The value for public money sword cuts in a number of ways, so in parallel OfS is engaged with a (redacted) number of providers on the governance and oversight of partnership activities – with “significant” such activity formally seen as a regulatory risk.

Finally, the data futures independent review is now expected towards the end of the year (it goes to December board). There’s been (as had been expected) variable progress on the submission of 2023-24 data, with OfS chasing a bunch of larger providers who have yet to sign off. In typical OfS fashion the numbers are redacted, which is mad because they are in the HESA newsletter every week: 178 providers (56 per cent) have pretty much completed submission as of 7 November.

What’s the student panel up to? We have the notes from a meeting held on 20 June 2024, which saw the panel engaged with defining the student interest. What’s that – well it seems it concerns a nuanced take on students being consumers. OfS has learned that provision extends beyond the purely academic experience, context matters, students care about developing soft skills, and that students are diverse. Which is… good, I guess. The panel also gets a “you said, we did” report back from the regulator: it tells them it will get better at communicating with students following their feedback and positioning the OfS brand.

We now know better than to expect detail in these releases, but it is notable that this board meeting (David Behan’s first) felt like a reset. Three substantive items saw discussion of the political context, the sector context, and the student context: a wide ranging update on progress towards strategic goals and on the approach to gaining and using student input.

The (statutory) Quality Assurance Committee manages to capture the highlights from two meetings on less than a page of A4. Well, I say highlights. They talked about five requests for degree awarding powers and/or university title. We don’t know what they said or which providers were involved.

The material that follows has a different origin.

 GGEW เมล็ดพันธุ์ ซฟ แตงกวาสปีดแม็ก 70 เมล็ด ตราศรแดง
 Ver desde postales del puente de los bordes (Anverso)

And the OfS Risk and Audit Committee did its thing – this is the group that thinks about OfS risks rather the ones who look at the wider sector. You can maybe guess the issues – there’s a big focus on data futures (again, if you are not down with this 2023-24 is going to be at least as hard as 2022-23). There’s an unexpected delight in the section on stewardship of public funds – if OfS is to take on the overall oversight of value for taxpayer’s money in higher education it wants powers in primary legislation (rather than persisting with the DfE/SLC/OfS triumvirate).

One response to “A handful of things from the October 2024 OfS board papers

  1. “We are in accord with the executive’s view that the pause to in-year returns is important to give the sector time to rebuild confidence in the model for student data collection and to ensure that any further changes can be delivered effectively by Jisc.”
    Report from the Risk and Audit Committee, October 2024:
    https://www.officeforstudents.org.uk/media/cyvh0ok0/bd-2024-oct-item-11-rac-report.pdf

    The model is a misconceived for a data return, creating the risk the cascading failure, sector-wide, that HESA-Jisc and OfS have been trying to avert with ‘consequential extensions’. Any confidence they have is unwarranted, across the sector it can only rest upon the assumption compilers can and must always cobble a return together to fit the model, regardless of deficient records systems & management, plus faulty & changing validation generating automated zero-tolerance queries requiring responses.

    A review steered by the usual stakeholders, who already preside on the Data Futures Programme Board, seems unlikely to go beyond its limited scope on delivery (of the moon on a stick) to examine the model and design. The sector consensus for a decade, arising from HEDIIP, is to ‘reduce burden’ by shifting it to an ever-expanding Student Return, thus generating ever more enriched data for data customers, masking internal customers’ reliance on externally generated ‘management information’.